-- Work request --
Locate the line that contains "Double Swing Gate on Driveway" in the data that follows. Copy it and every subsequent line to the end, exactly, excluding pictures.
(Input data)
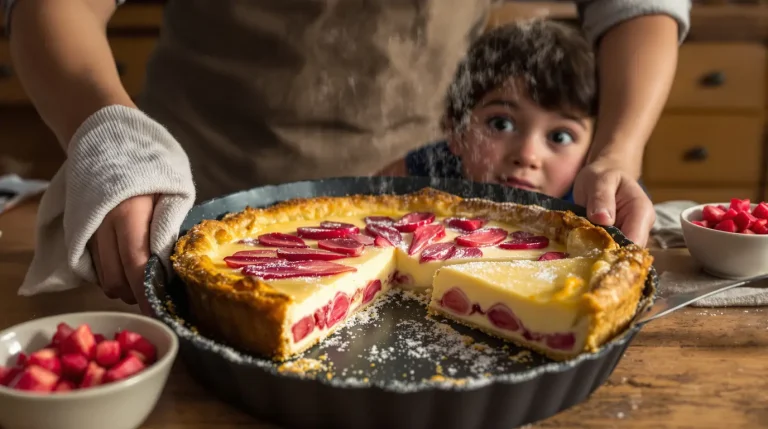 La vraie tarte à la rhubarbe de grand-mère : fondante, douce, et le secret est dans la cuisson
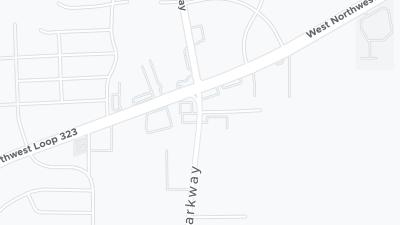 Kaart met de situering van het hotel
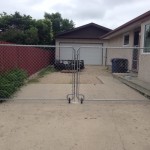 Double Swing Gate on Driveway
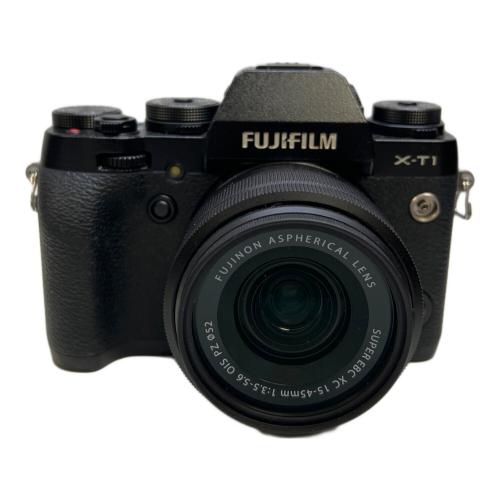 FUJIFILM ミラーレス一眼カメラ レンズ付き SUPER EBC XC 15-45mm 1:3.5-5.6 X-T1 1630万画素 APS-C 専用電池 ISO200～6400 約8コマ/秒 1/32000～1秒 42005987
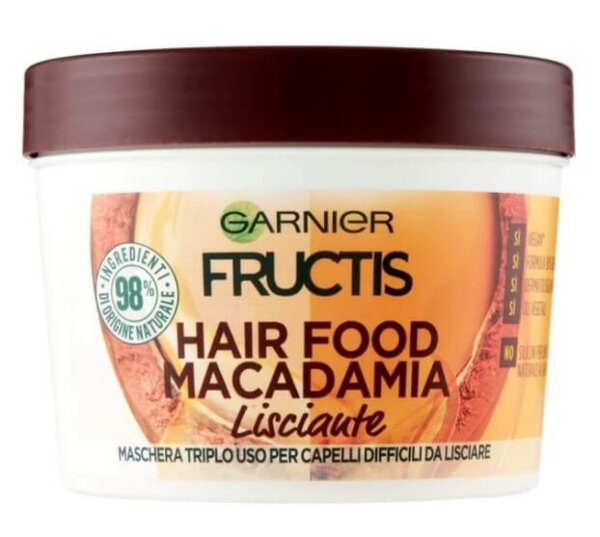 Garnier Fructis Hair Food Smoothing Mask with Macadamia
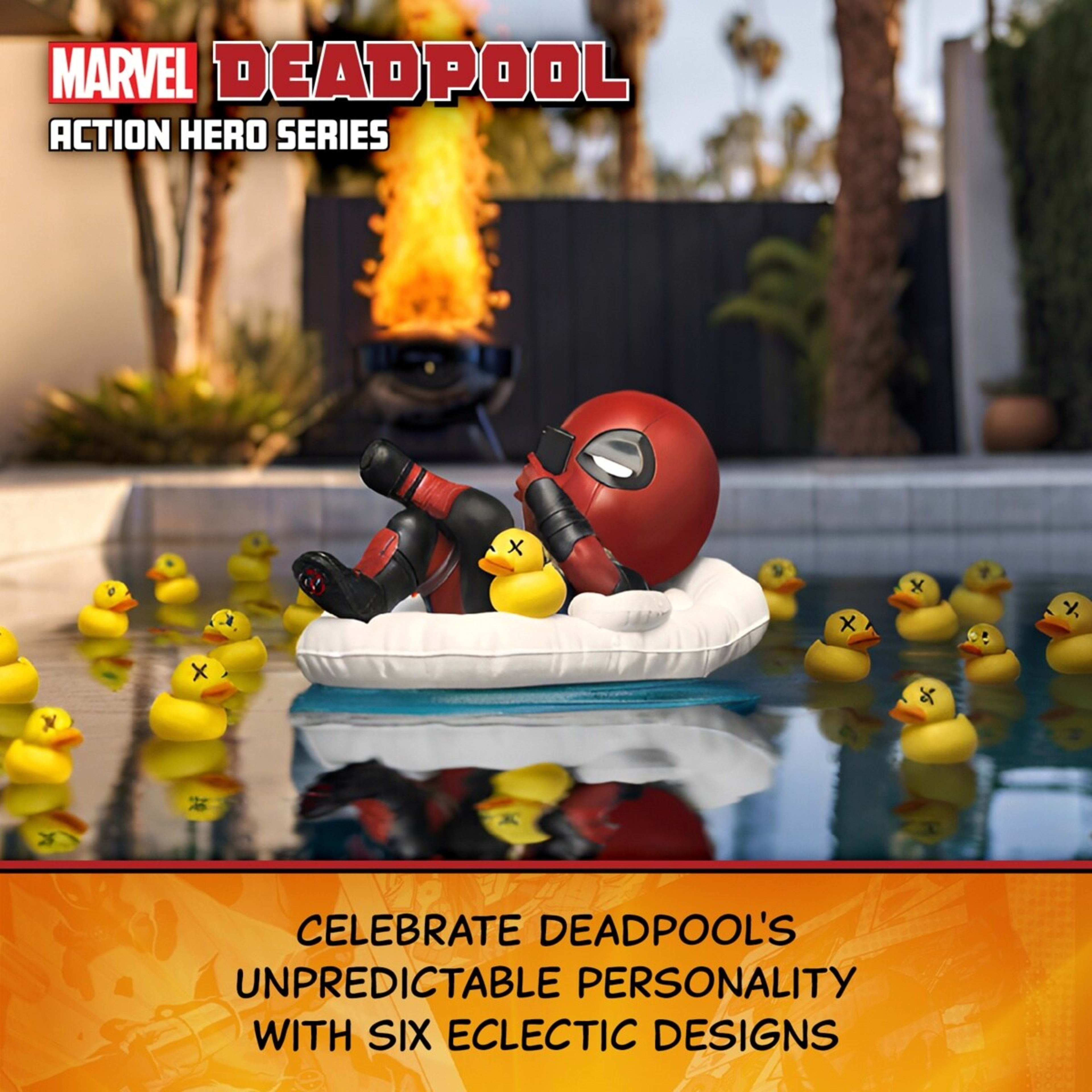 9 YuMe HeroBox Marvel Deadpool Action Hero Series - Assorted, 9 of 9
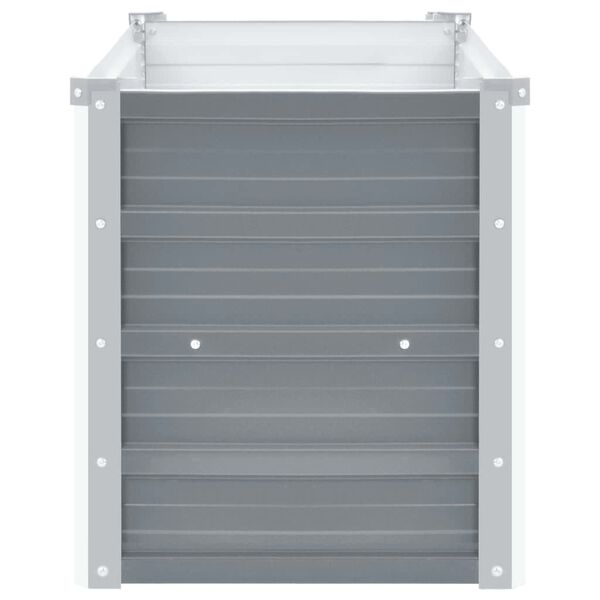 vidaXL Canteiro elevado de jardim aço galvanizado 160x40x45cm cinzento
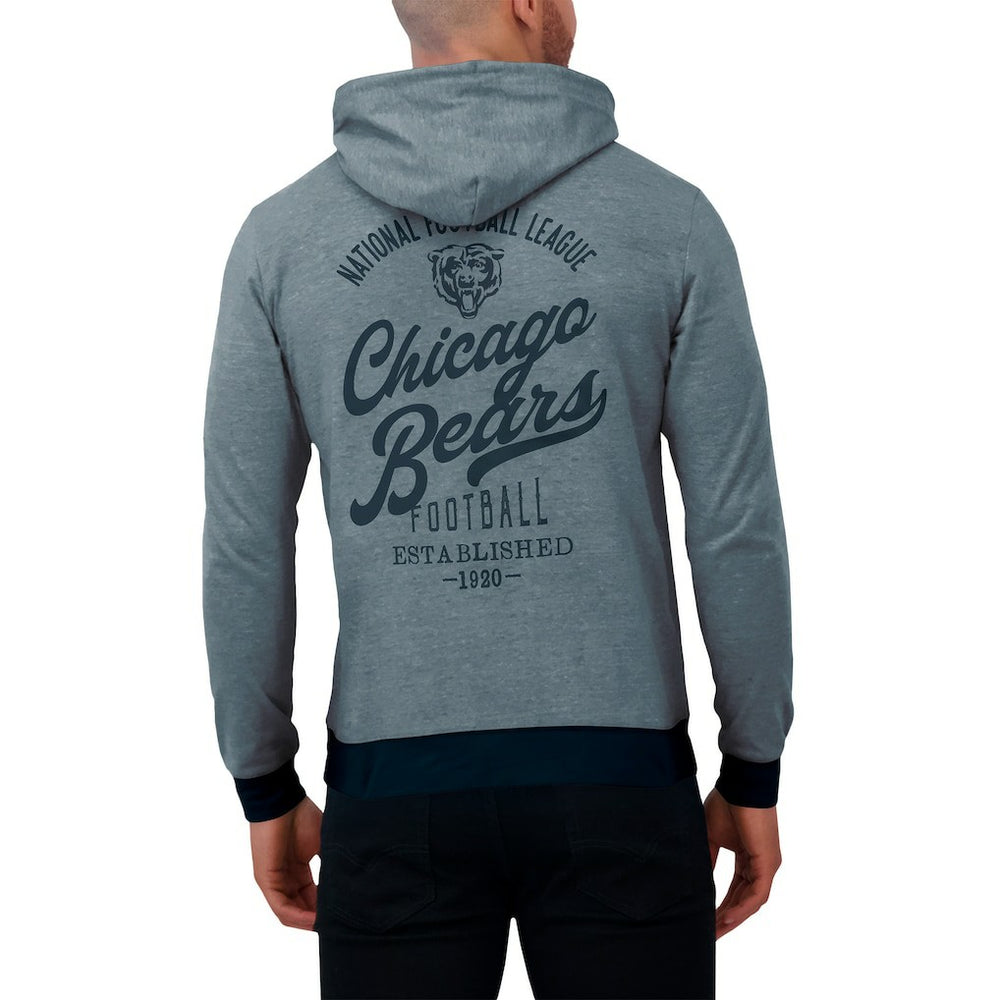 Darius Rucker Collection Tonal Knit Pullover Hoodie - Chicago Bears Hoodies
(End Input data)
-- Result for this exercise --
 Double Swing Gate on Driveway
 FUJIFILM ミラーレス一眼カメラ レンズ付き SUPER EBC XC 15-45mm 1:3.5-5.6 X-T1 1630万画素 APS-C 専用電池 ISO200～6400 約8コマ/秒 1/32000～1秒 42005987
 Garnier Fructis Hair Food Smoothing Mask with Macadamia
 9 YuMe HeroBox Marvel Deadpool Action Hero Series - Assorted, 9 of 9
 vidaXL Canteiro elevado de jardim aço galvanizado 160x40x45cm cinzento
 Darius Rucker Collection Tonal Knit Pullover Hoodie - Chicago Bears Hoodies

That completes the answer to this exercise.